* **RECORDS FOR THIS EXERCISE**:
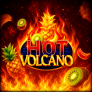 Hot Volcano logotipas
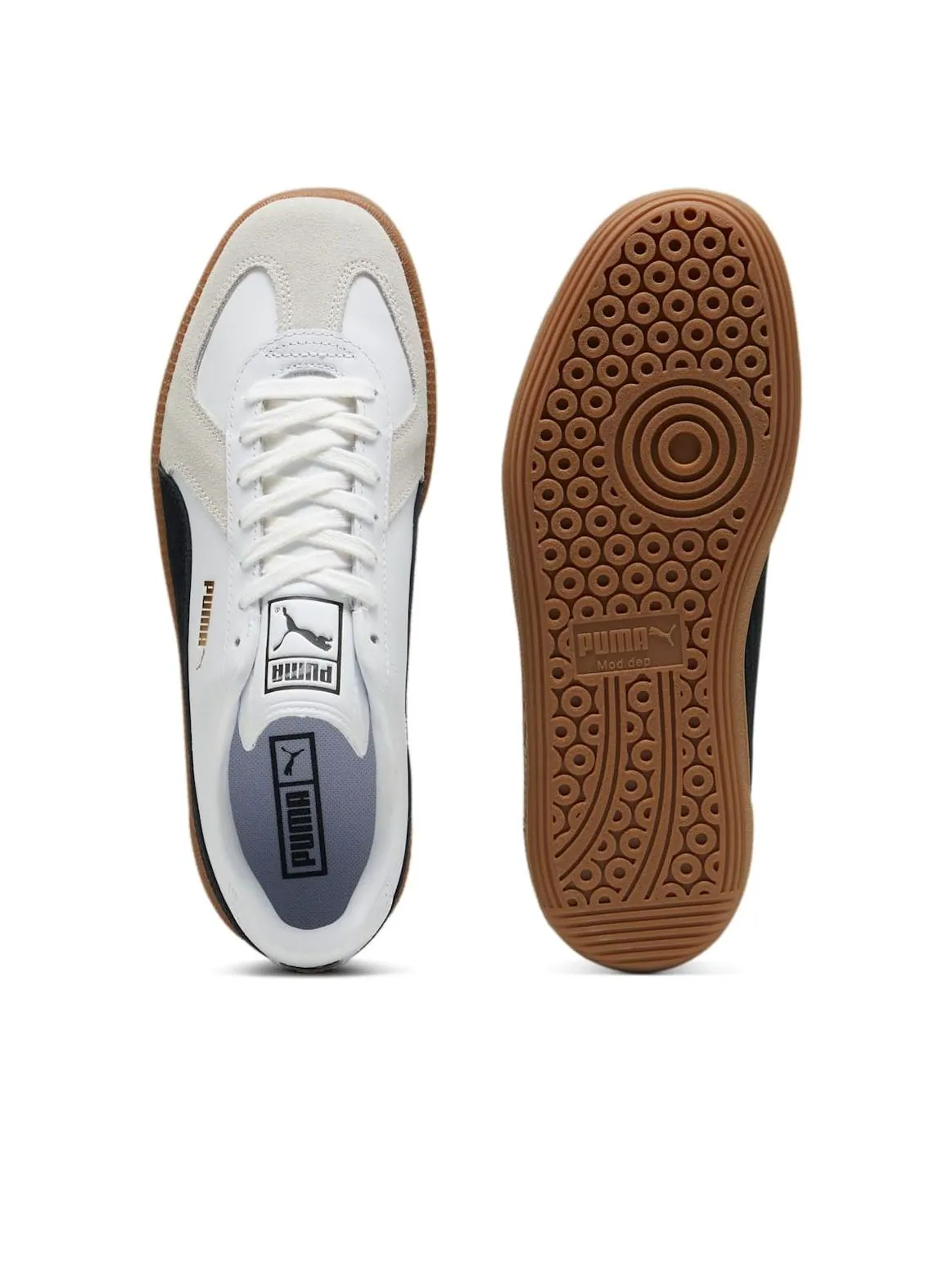 Кроссовки Puma Army Trainer 'White Black' — изображение 5 из 6, белый/черный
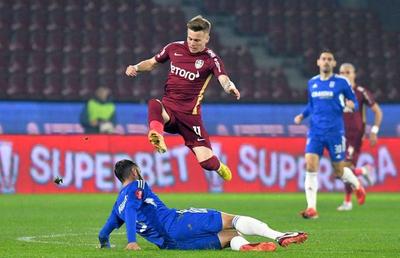 S-a stabilit arbitrul barajului pentru Conference League CFR Cluj - FCU Craiova
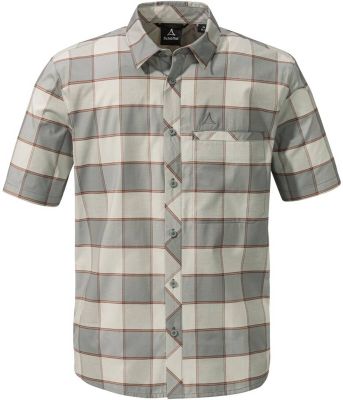 SCHÖFFEL Herren Hemd Shirt Buchstein M in grau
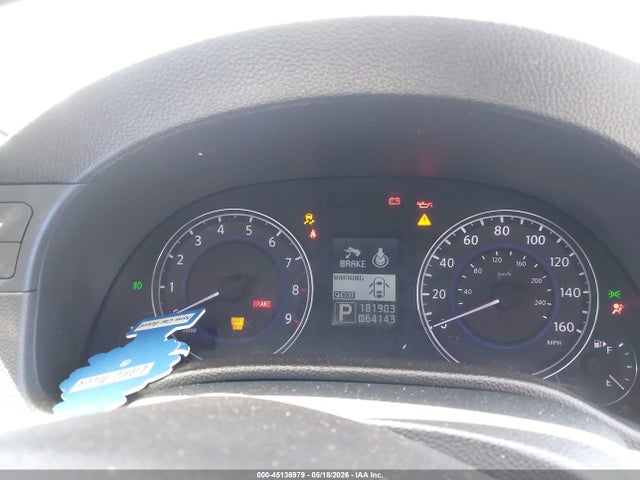 Продаж на аукціоні авто 2011 Infiniti G37 Sport Appearance Edition, vin: JN1CV6AP4BM505972, номер лоту: 45136979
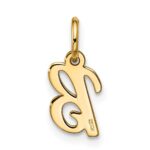 10k Small Script Initial B Charm - Image 3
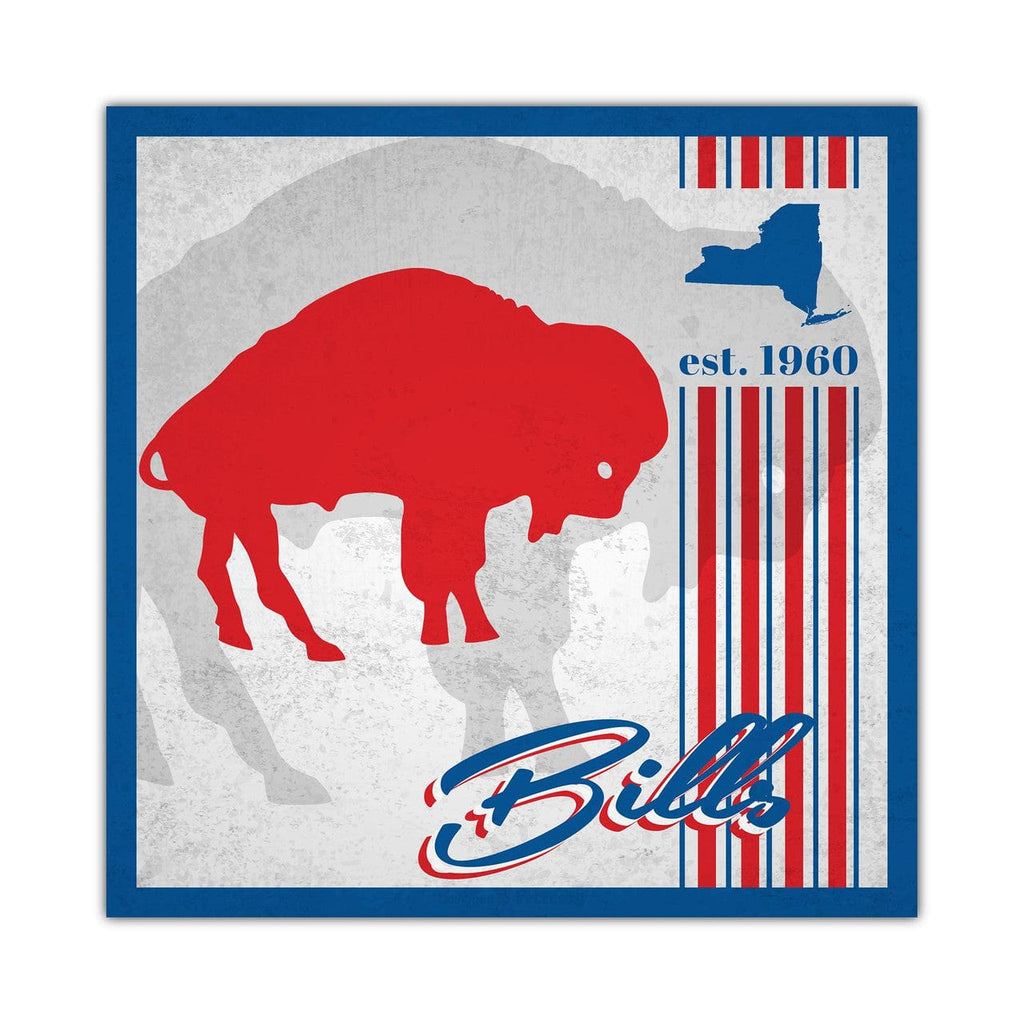 Sign 10x10 Album Buffalo Bills Sign Wood 10x10 Album Design 878461371324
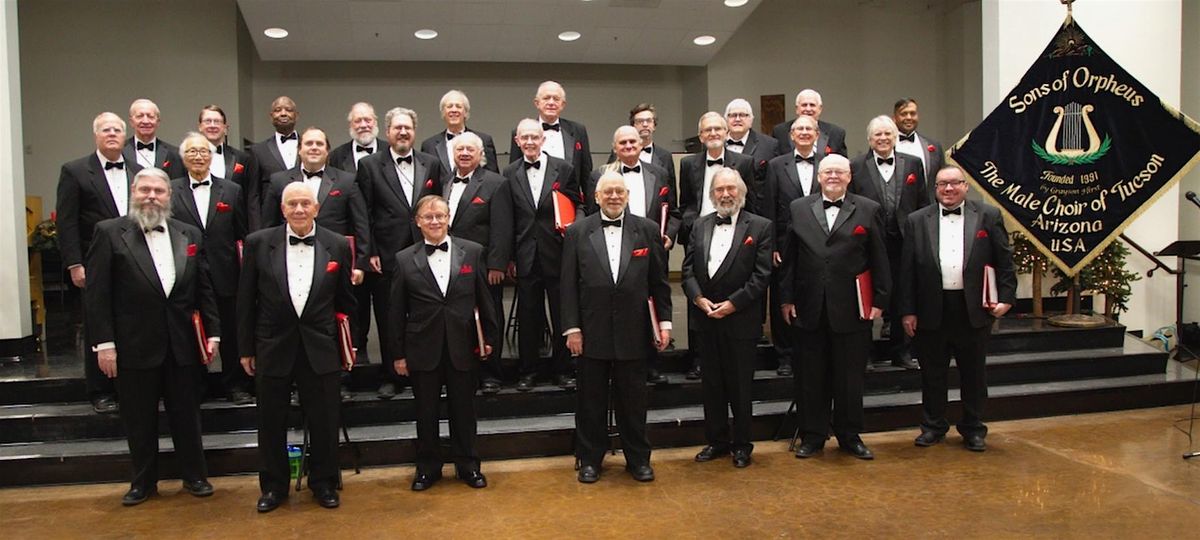 Sons of Orpheus Holiday Concert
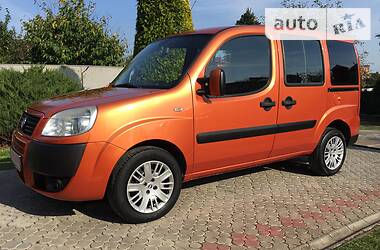 Минивэн Fiat Doblo 2007 в Ковеле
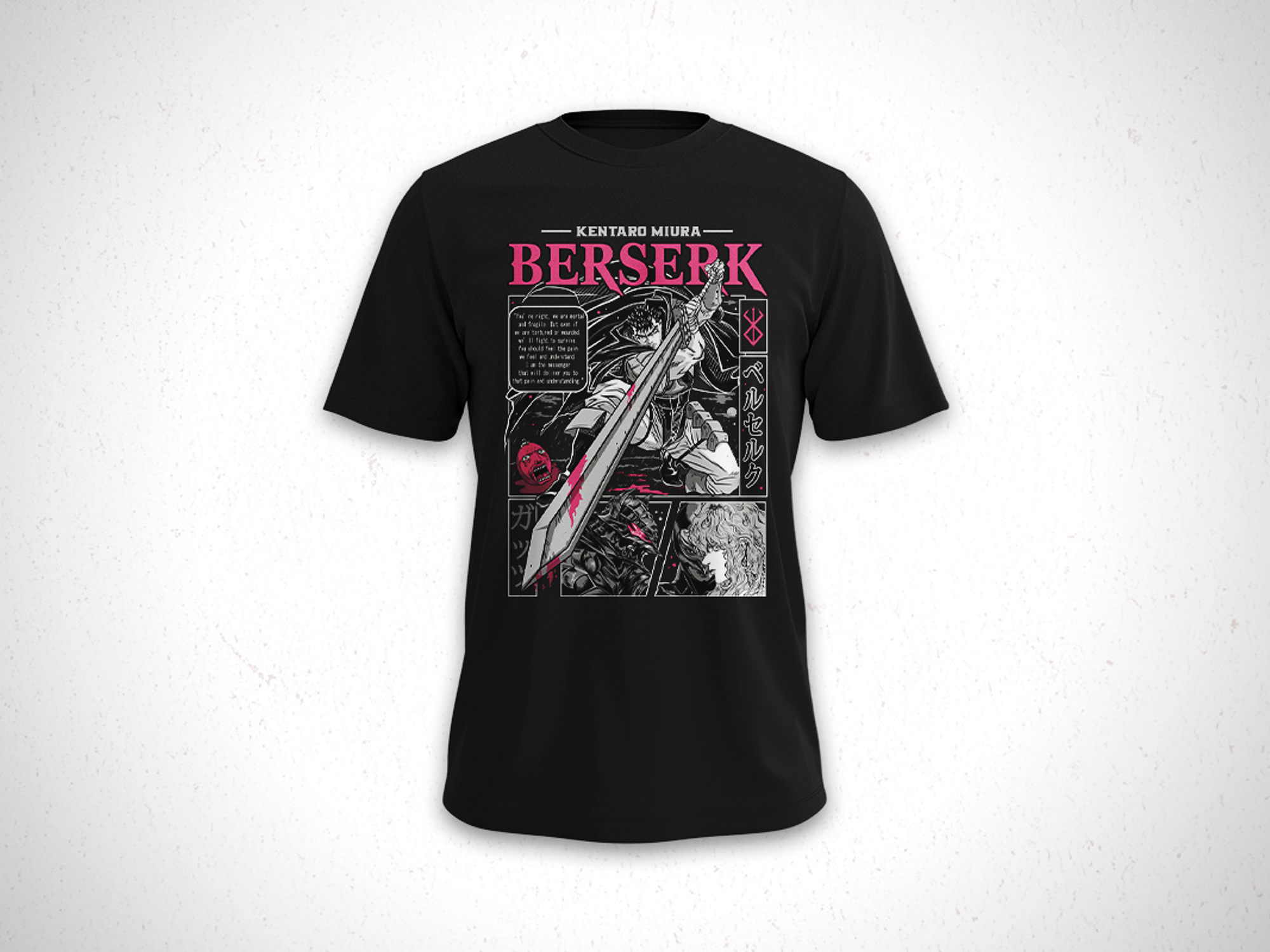 Polera Berserk V4 2
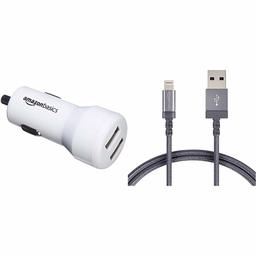 Amazon Basic USB Car Charger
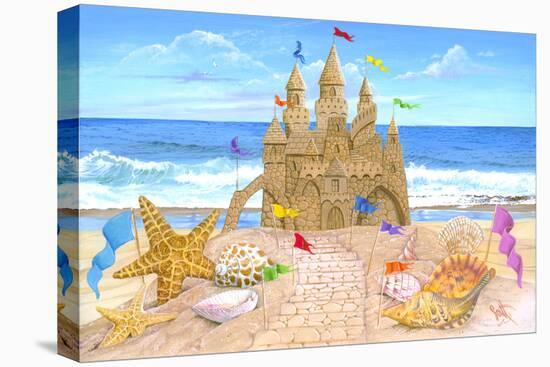 Sand Castle-Scott Westmoreland-Stretched Canvas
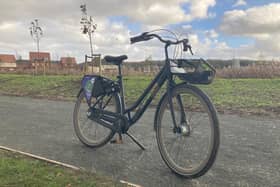 One of the bikes which will be available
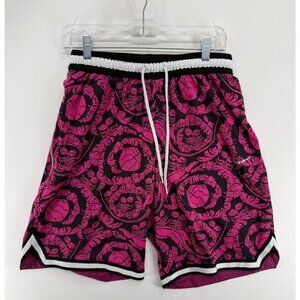 Nike Dri-Fit DNA Printed Basketball Shorts Mens M 10" Pink AOP DN4008-010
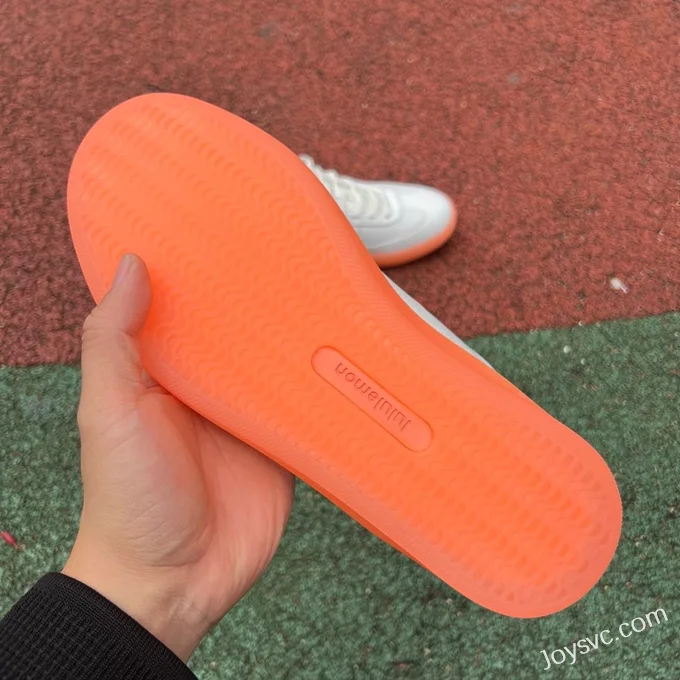 lululemon Cityverse White Orange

* **WHAT THE EXERCISE ASKS**: Leave out the pictures and output the rest of the material exactly as written.

* **TASK ANSWER**:
 Hot Volcano logotipas
 Кроссовки Puma Army Trainer 'White Black' — изображение 5 из 6, белый/черный
 S-a stabilit arbitrul barajului pentru Conference League CFR Cluj - FCU Craiova
 SCHÖFFEL Herren Hemd Shirt Buchstein M in grau
 Продаж на аукціоні авто 2011 Infiniti G37 Sport Appearance Edition, vin: JN1CV6AP4BM505972, номер лоту: 45136979
 10k Small Script Initial B Charm - Image 3
 Sign 10x10 Album Buffalo Bills Sign Wood 10x10 Album Design 878461371324
 Sons of Orpheus Holiday Concert
 Минивэн Fiat Doblo 2007 в Ковеле
 Polera Berserk V4 2
 Amazon Basic USB Car Charger
 Sand Castle-Scott Westmoreland-Stretched Canvas
 One of the bikes which will be available
 Nike Dri-Fit DNA Printed Basketball Shorts Mens M 10" Pink AOP DN4008-010
 lululemon Cityverse White Orange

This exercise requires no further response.